Flexibility is a hot topic right now — and has always been one of the more popular subjects I get questions about as a gym owner, especially when athletes are introduced to front squats and overhead squats.
It’s actually sad to see the vast majority of adults lose range of motion when they become adults. We coach kids and teenage classes where many of them can sit comfortably in the bottom of a squat with their heels on the ground, lower themselves down into the splits, and perform bend-over bridges with ease. Then we move to the adults where they can’t even bend over and touch their toes!

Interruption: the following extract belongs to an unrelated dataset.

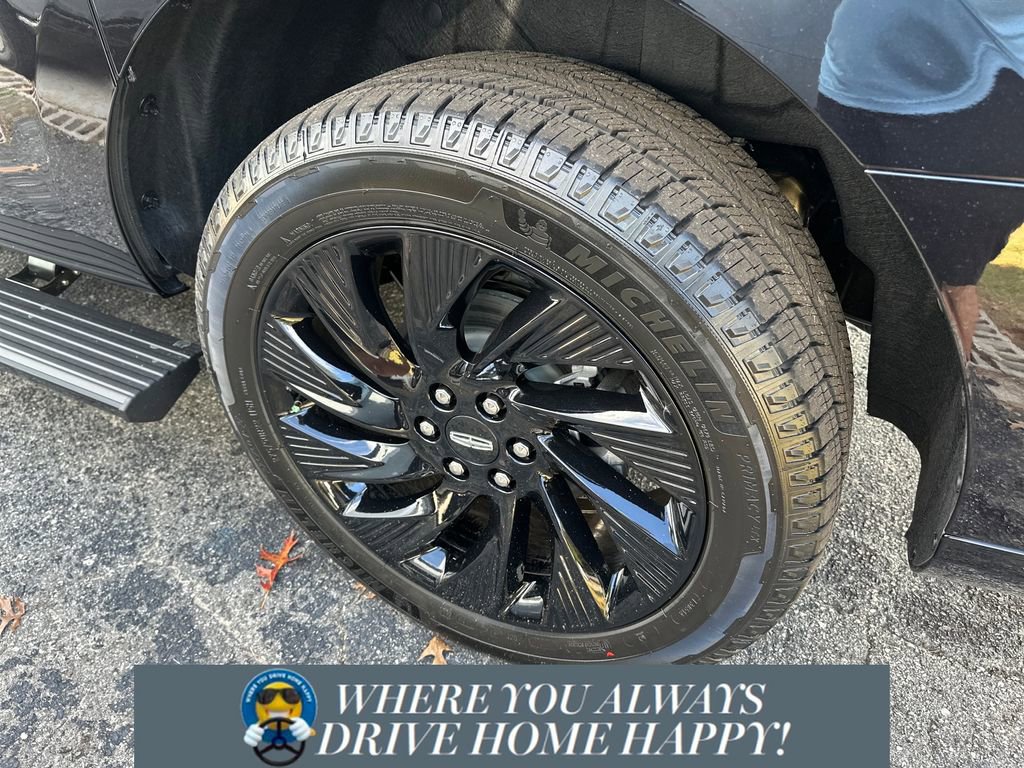 New 2025 Lincoln Navigator L Reserve w/ Jet Appearance Package image 26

We are born incredibly flexible, but our movement (or lack thereof), throughout life stiffens up our joints and muscles. Let’s look at the practices of yogis and gymnasts in order to learn how to improve our range of motion.
Yoga vs Gymnastics
For many years at RxFIT, we would hire yoga instructors to come in a couple times a week and lead our athletes through yoga sequences. The intention of these 45-60 minute sequences would be to improve flexibility — which would inevitably lead to less joint pain and fewer injuries. I thought doing yoga was the best way to improve flexibility.
But then I started training at a gymnastics gym.

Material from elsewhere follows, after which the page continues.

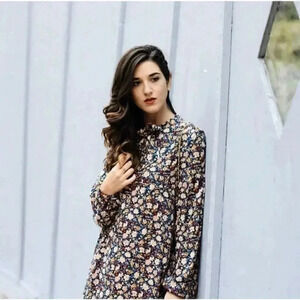 Zara Basic Women’s Floral Mini Dress With Tie Neck‎ Size Small Long Sleeve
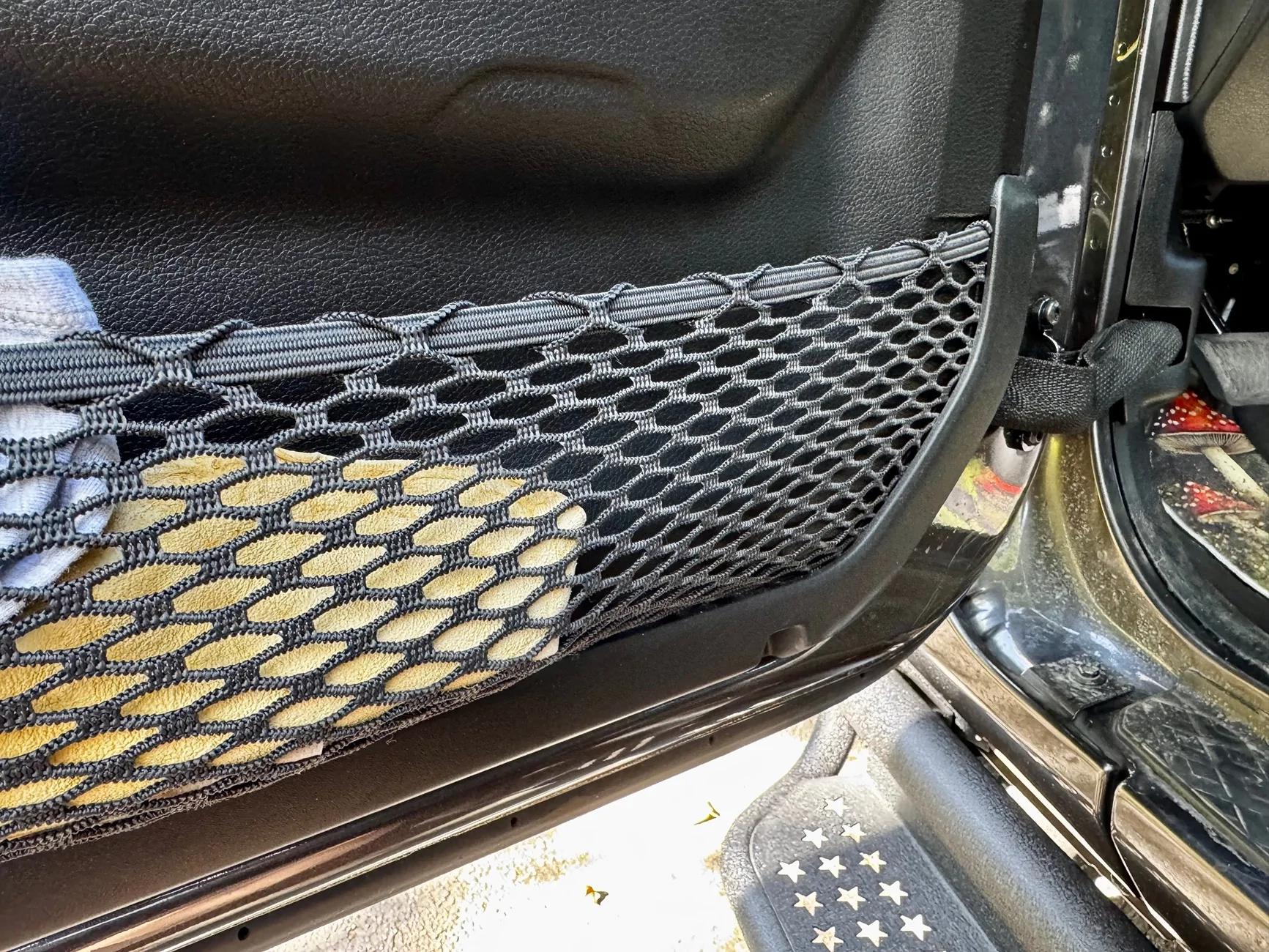 Jeep Gladiator Sunpie Door Cupholder Install IMG_2035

Gymnasts are the most flexible athletes on earth. Not everyone that practices yoga is flexible, but every gymnast is flexible. You simply cannot or will not find a gymnast that isn’t flexible.
That tells us something about what they’re doing in their training that the rest of us (including the yogis), aren’t.

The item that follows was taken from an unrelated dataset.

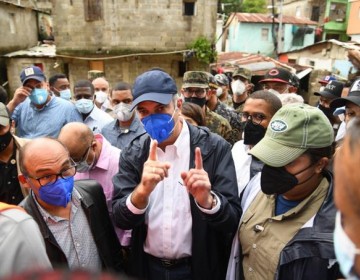 Abinader visita zonas afectadas por tormenta tropical y sobrevolar&aacute; este lunes territorio nacional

As I started to surround myself around other gymnasts, I found three simple strategies that gymnasts do in their daily stretching routines that yoga and others do not.
Antagonist muscles should be as relaxed as possible when stretching. If they are not, contracted muscle fibers reduce your range of motion and the muscle itself is not being effectively stretched. For example, when doing a pike stretch, the hamstrings, glutes, and lower back should be as relaxed as possible.
Yoga instructors and gymnastic coaches alike preach “breathing” through the discomfort of a stretch, but gymnasts also incorporate shake outs, contract and relax, and partner stretching.
Shake Outs: “Shaking out” muscles between stretches aids with relaxation and helps release contracted fibers. Gymnasts will hold a pike stretch for 15-20 seconds before releasing the stretch and shaking out their hamstrings and lower back. They will then resume the same pike position, but go a little bit further for another 15-20 seconds. They’ll do this a few times until they are totally relaxed in the antagonist muscles.
Contract & Relax: Actively contracting and relaxing antagonist muscles will also help ensure that you are stretching in a relaxed state. For example, instead of releasing a pike stretch and shaking out the hamstrings, gymnasts will hold a pike for five seconds, then actively contract their hamstrings for five seconds, then relax again and try to stretch further. They will repeat this a few times because actively contracting and relaxing a muscle while in a stretched position aids in relaxing passively contracted fibers and will greatly increase range of motion.
Partner Stretching: Partner stretching can also help you stretch while relaxed. It is often difficult to relax while placing sufficient load on a muscle to stretch it. A stretching partner can provide the additional load while allowing the individual stretching to fully relax. I suppose “partner yoga” incorporates some of this, but not to the degree that gymnasts do.
Regaining our primitive flexibility in life is key to avoiding joint pain and improving performance as we age.
Above everything talked about today, consistency is paramount when it comes to stretching.
But once the habit of stretching for 10-15 minutes a day is established, adopt the habits of the most flexible humans on earth — the gymnasts.